Trecho de As Idéias Conservadoras, de João Pereira Coutinho:
«O tempo atual não foi brando com certos termos da gramática conservadora — e “preconceito” é um deles. Ter “preconceitos” é hoje o supremo crime, sobretudo quando a “filosofia da vaidade” — o epíteto com que Burke brinda o sentimentalismo de Rousseau — aconselha os homens a se apresentarem sem preconceitos, num estado de pureza original que provavelmente só existiria no tempo das cavernas. Ironicamente, essa é uma hipótese que coloca os mais radicais progressistas no mesmo patamar a-histórico dos mais radicais reacionários.

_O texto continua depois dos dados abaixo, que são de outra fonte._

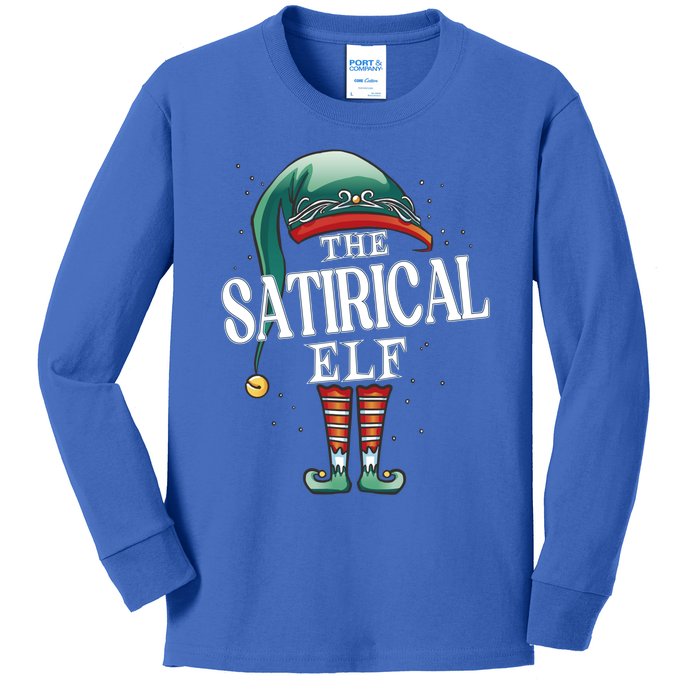 Satirical Elf Christmas Group Xmas Pajama Party Cute Gift Kids Long Sleeve Shirt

Acontece que os “preconceitos” que interessam a um conservador não podem ser entendidos, ou confundidos, com meras idéias irracionais sobre determinados comportamentos, minorias ou indivíduos — o sentido atual e rasteiro do termo. Se todas as palavras também têm uma tradição, importa recordar que “preconceito” deve ser entendido no sentido clássico, ou seja como praejudicium — um precedente ou um julgamento baseado em decisões ou experiências passadas que, pela sua validade comprovada, informam decisões ou experiências presentes e futuras. Será essa dimensão de “preconceito” que interessa a um conservador: o tempo trouxe até ele princípios ou instituições que sobreviveram aos “testes do tempo”; essa sobrevivência cria uma razão favorável à manutenção e conservação de tais princípios ou instituições. E será a eles que devemos recorrer como se recorre a ensinamentos válidos e testados. Ou, melhor dizendo, válidos porque testados.»